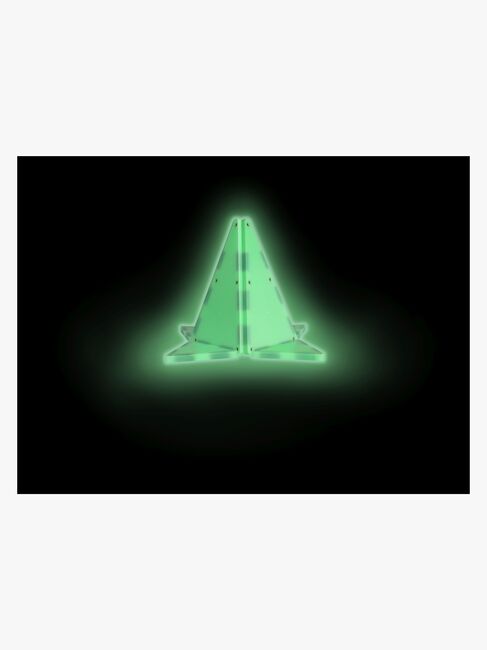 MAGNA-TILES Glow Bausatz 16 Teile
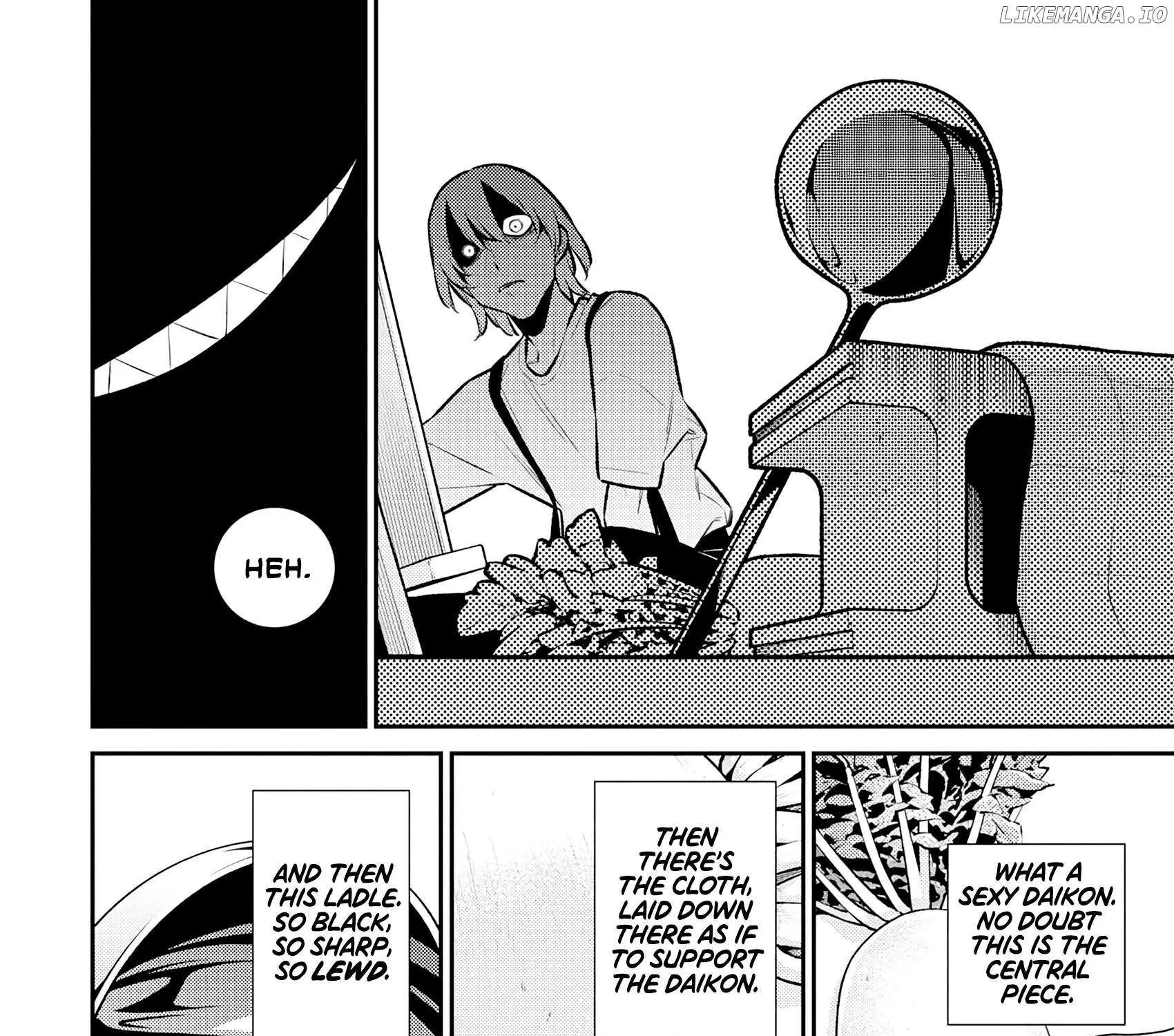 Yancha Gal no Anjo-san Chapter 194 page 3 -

---

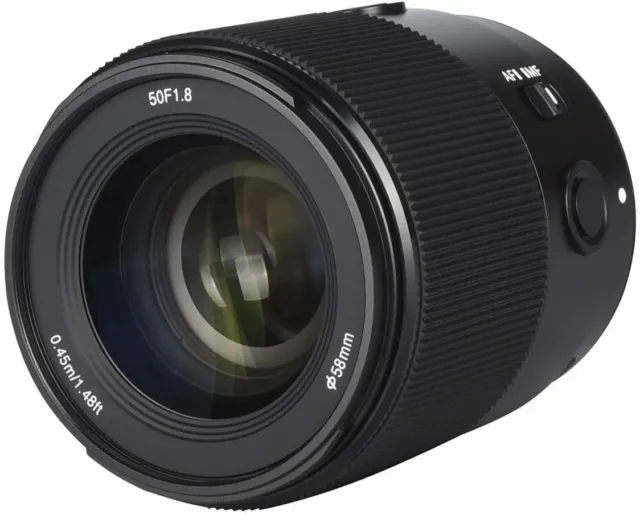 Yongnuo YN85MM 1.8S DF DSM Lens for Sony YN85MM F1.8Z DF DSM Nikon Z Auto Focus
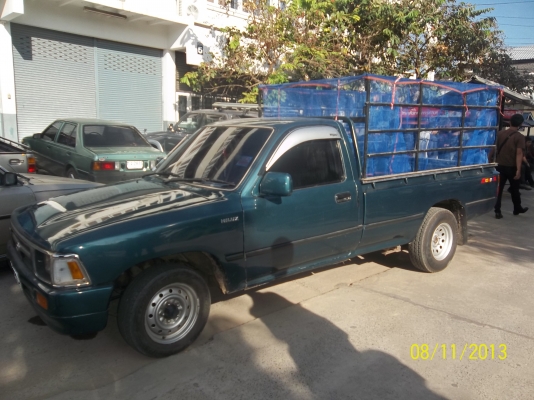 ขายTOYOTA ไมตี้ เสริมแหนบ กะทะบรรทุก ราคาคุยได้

==

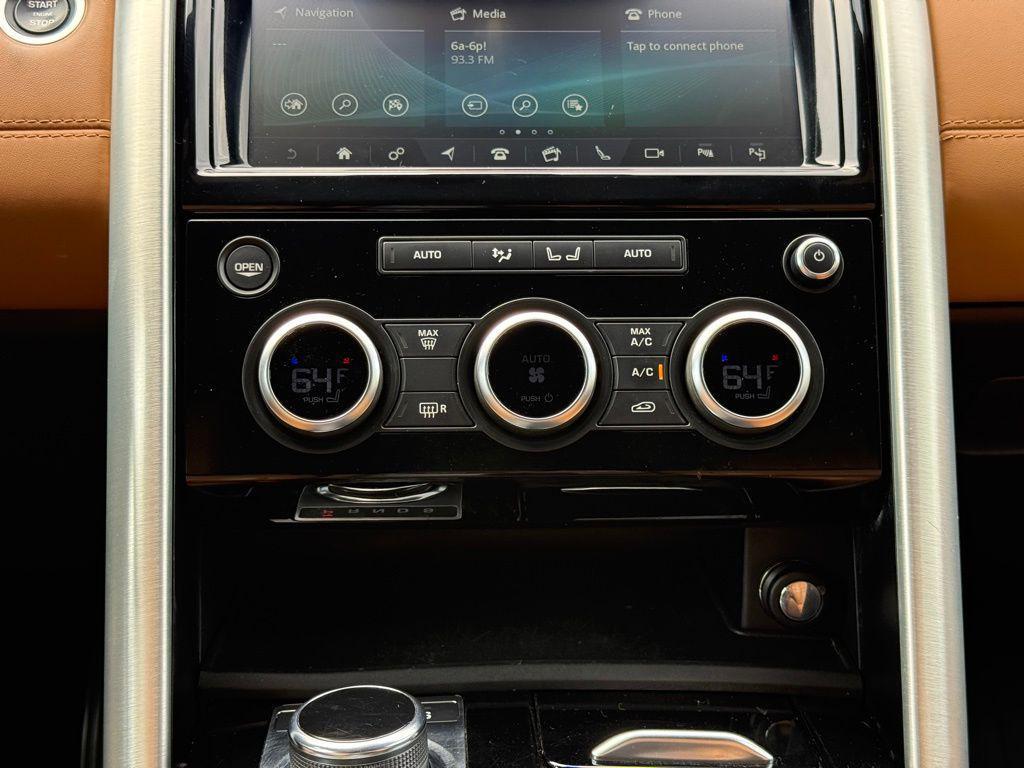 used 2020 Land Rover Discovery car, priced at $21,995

**Work task**
Every line above between the one containing "MAGNA-TILES Glow Bausatz 16 Teile" and the one containing "Yancha Gal no", those two included, is to be printed exactly. No pictures go into the copy.

**Task result**
 MAGNA-TILES Glow Bausatz 16 Teile
 Yancha Gal no Anjo-san Chapter 194 page 3 -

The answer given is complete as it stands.